§ **Task goal**
Leave the pictures out and repeat the rest of the data below exactly.
-------- Data listing
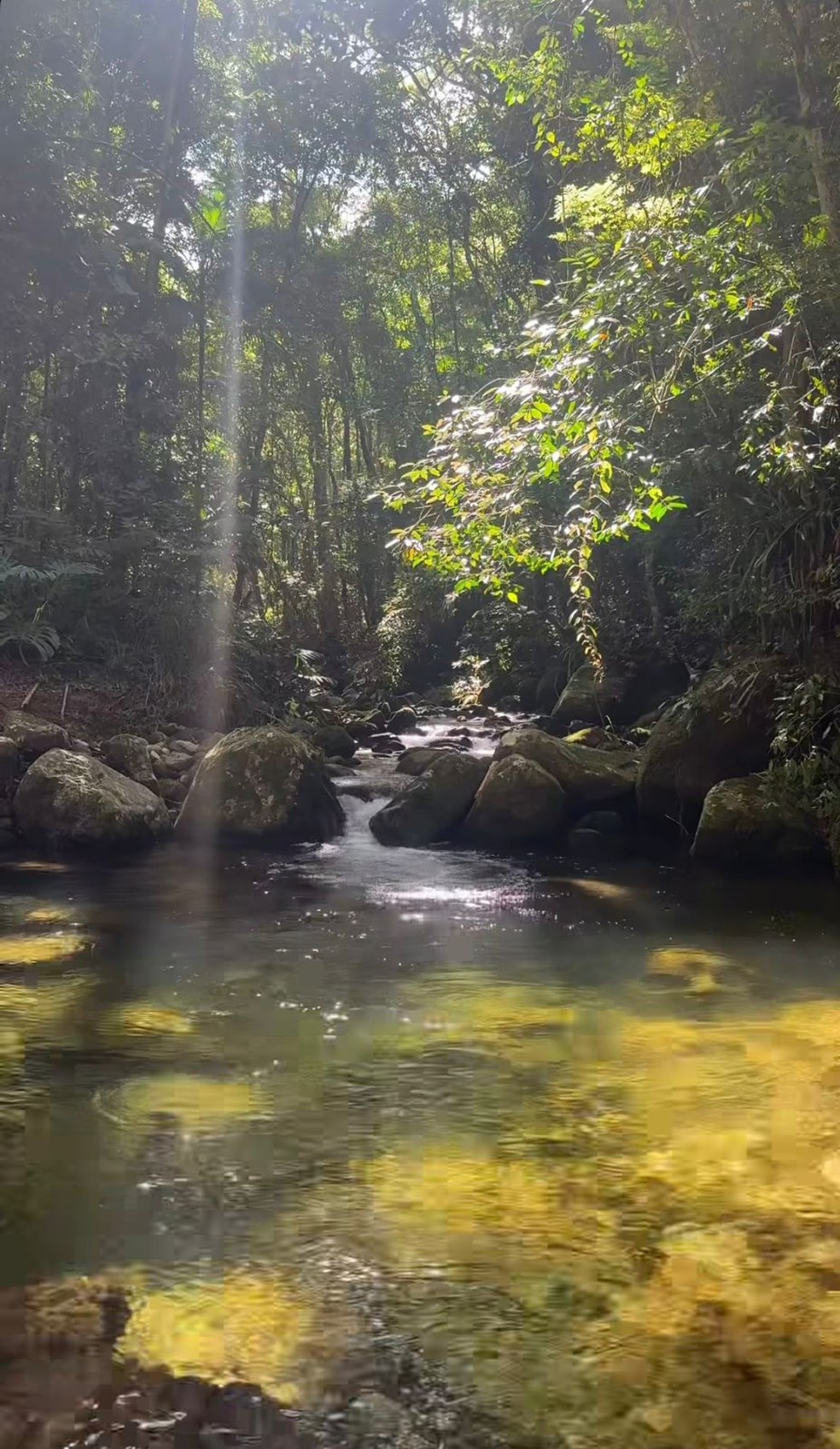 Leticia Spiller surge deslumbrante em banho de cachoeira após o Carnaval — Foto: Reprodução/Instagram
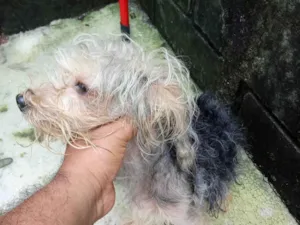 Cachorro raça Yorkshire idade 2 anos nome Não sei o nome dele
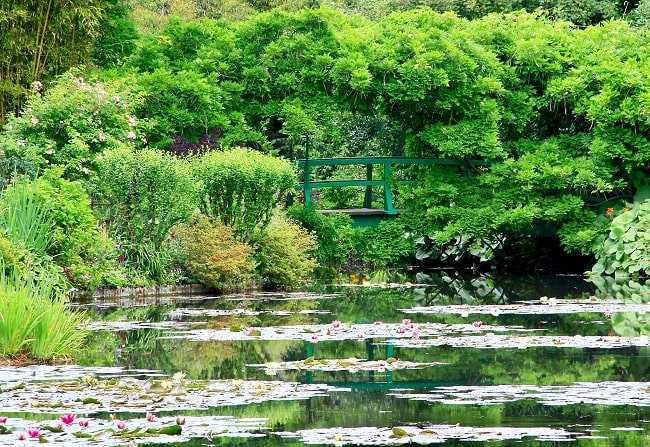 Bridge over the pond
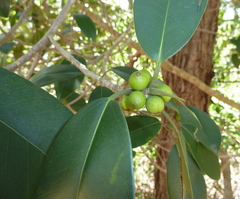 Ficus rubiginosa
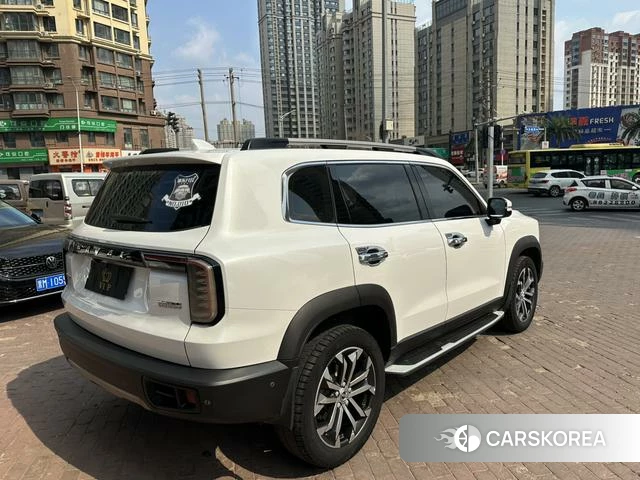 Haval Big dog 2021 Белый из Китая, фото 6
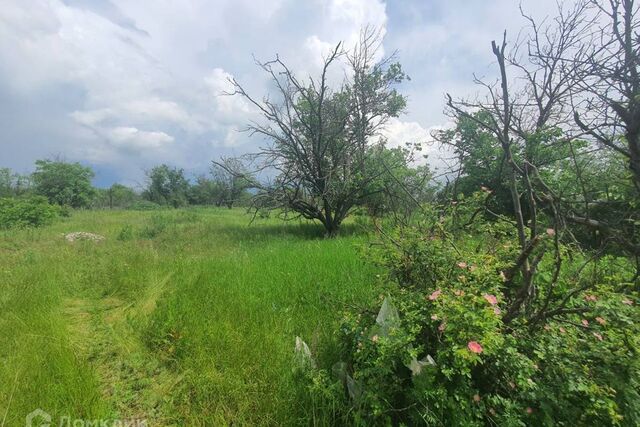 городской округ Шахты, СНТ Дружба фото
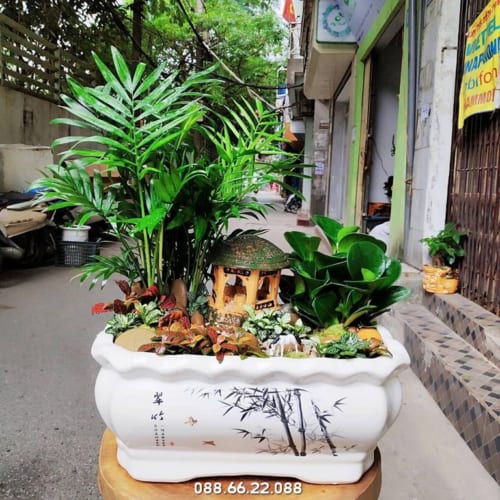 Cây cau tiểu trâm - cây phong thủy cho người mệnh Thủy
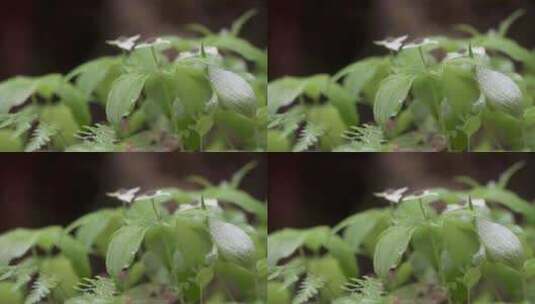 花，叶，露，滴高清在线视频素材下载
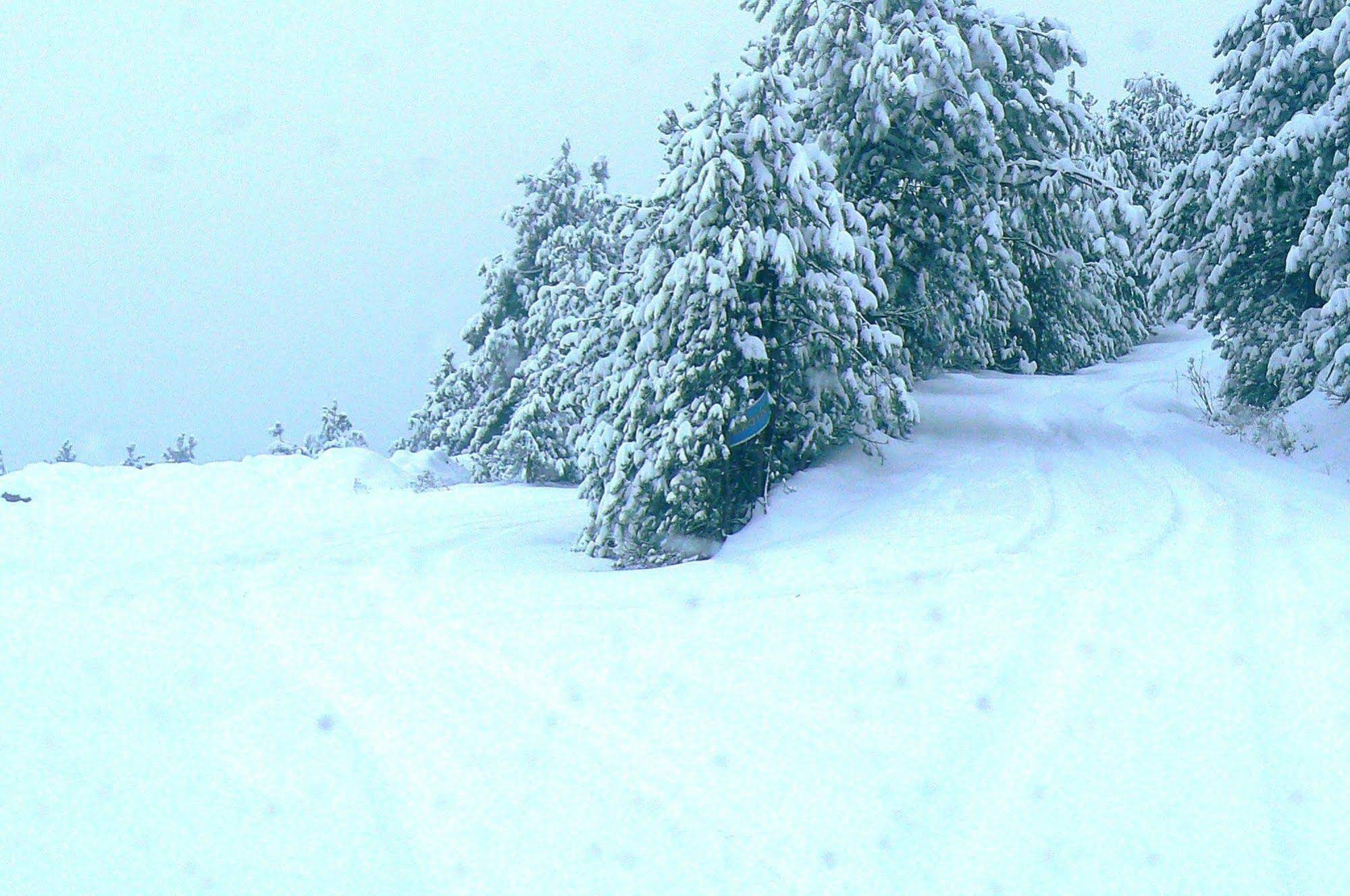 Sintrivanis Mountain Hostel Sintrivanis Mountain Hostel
----------------
§ **Your solution**
 Leticia Spiller surge deslumbrante em banho de cachoeira após o Carnaval — Foto: Reprodução/Instagram
 Cachorro raça Yorkshire idade 2 anos nome Não sei o nome dele
 Bridge over the pond
 Ficus rubiginosa
 Haval Big dog 2021 Белый из Китая, фото 6
 городской округ Шахты, СНТ Дружба фото
 Cây cau tiểu trâm - cây phong thủy cho người mệnh Thủy
 花，叶，露，滴高清在线视频素材下载
 Sintrivanis Mountain Hostel Sintrivanis Mountain Hostel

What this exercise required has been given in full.